Urbano v. State

808 S.W.2d 519, 1991 Tex. App. LEXIS 783, 1991 WL 41031
CourtCourt of Appeals of Texas
DecidedMarch 28, 1991
DocketA14-89-1060-CR
StatusPublished
Cited by29 cases

This text of 808 S.W.2d 519 (Urbano v. State) is published on Counsel Stack Legal Research, covering Court of Appeals of Texas primary law. Counsel Stack provides free access to over 12 million legal documents including statutes, case law, regulations, and constitutions.

Bluebook
Urbano v. State, 808 S.W.2d 519, 1991 Tex. App. LEXIS 783, 1991 WL 41031 (Tex. Ct. App. 1991).

Opinion

OPINION

J. CURTISS BROWN, Chief Justice.

A jury convicted appellant of the offense of aggravated robbery and sentenced him to ninety-nine years confinement in the Texas Department of Criminal Justice, Institutional Division. On initial appeal, the First Court of Appeals reversed the conviction as to punishment because of the parole instruction included in the jury charge. See Urbano v. State, 760 S.W.2d 33 (Tex.App.—Houston [1st Dist.] 1988, pet. ref’d). On remand, a jury sentenced appellant to forty years confinement and a ten thousand dollar fine. We affirm.

In his first point of error, appellant contends the trial court erred by shuffling the jury panel before it was seated in the courtroom. Appellant argues this is a violation of Article 35.11 of the Code of Criminal Procedure that “results in automatic reversible error.” Tex.Code Crim.Proc. Ann. art. 35.11 (Vernon 1986). Although the Court of Criminal Appeals has indicated it is a better practice to conduct the shuffle in the courtroom, contrary to appellant’s assertion, it is not a requirement of the Code of Criminal Procedure. Mays v. State, 726 S.W.2d 937, 947 (Tex.Crim.App.1986), ce rt. denied 484 U.S. 1079, 108 S.Ct. 1059, 98 L.Ed.2d 1020 (1988). Additionally, the trial court twice offered appellant the opportunity to re-shuffle the jury after they were seated in the courtroom; appellant never requested a shuffle. Point of error one is overruled.

Appellant next argues that the trial court should have conducted a Batson hearing following the state’s request for a jury shuffle. The U.S. Supreme Court held in Batson v. Kentucky, 476 U.S. 79, 106 S.Ct. 1712, 90 L.Ed.2d 69 (1986), that a prosecutor’s use of peremptory strikes to eliminate members of the defendant’s race from the jury violated a defendant’s equal protection rights. Appellant cites no authority extending the Batson holding to encompass a jury shuffle. As an intermediate appellate court, we are not inclined make the type of broad expansion of law appellant seeks. We are even less inclined to do so here, since appellant failed to exercise the remedy available to him at trial. Appellant had the absolute right to demand the jury be re-shuffled after being brought into the courtroom, and failed to do so. Mays, 726 S.W.2d at 947 (citing Wilkerson v. State, 681 S.W.2d 29, 30 (Tex.Crim.App.1984)). His second point of error is overruled.
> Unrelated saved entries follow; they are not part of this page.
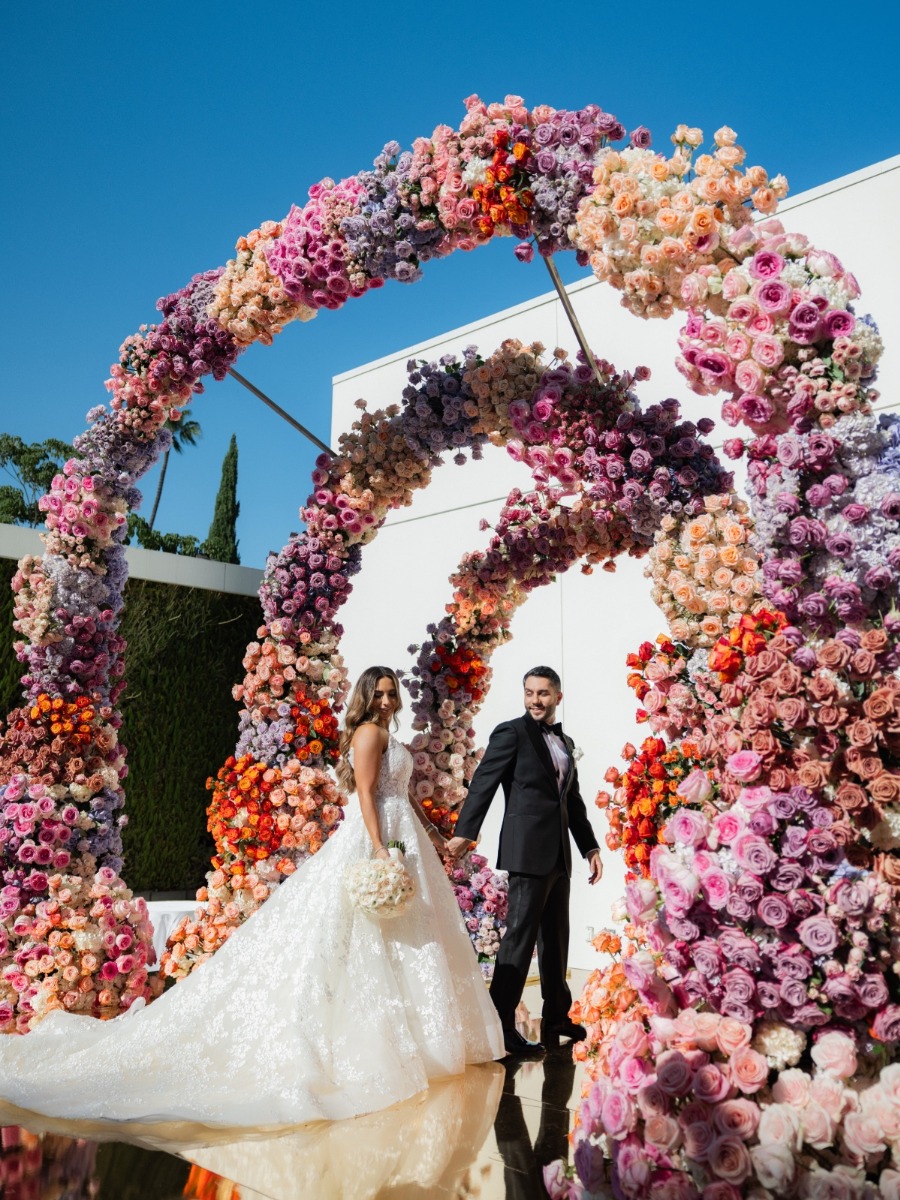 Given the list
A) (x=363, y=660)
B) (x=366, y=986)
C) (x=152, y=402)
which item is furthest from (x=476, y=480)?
(x=366, y=986)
In point of error three, appellant contends the trial court should have grant *521 ed him a new trial on guilt/innocence as well as punishment. He argues that section 44.29(b) of the Code of Criminal Procedure would violate constitutional prohibitions on ex post facto laws if applied to his case. The Code of Criminal Procedure provides that,

“[i]f the court of appeals ... awards a new trial to the defendant only on the basis of an error or errors made in the punishment stage of the trial, the cause shall stand as it would have in case the new trial had been granted by the court below, except that the court shall commence the new trial as if a finding of guilt had been returned and proceed to the punishment stage of the trial....

Tex.Code Crim.Proc.Ann. art. 44.29(b) (Vernon Supp.1990). Before the amendment to the statute, even though the charged error affected only the punishment stage of his first trial, appellant would have been entitled to new trial on both guilt/innocence and punishment. He argues that article 44.29(b) of the Code of Criminal Procedure would violate constitutional prohibitions on ex post facto laws if applied to his case. We do not agree.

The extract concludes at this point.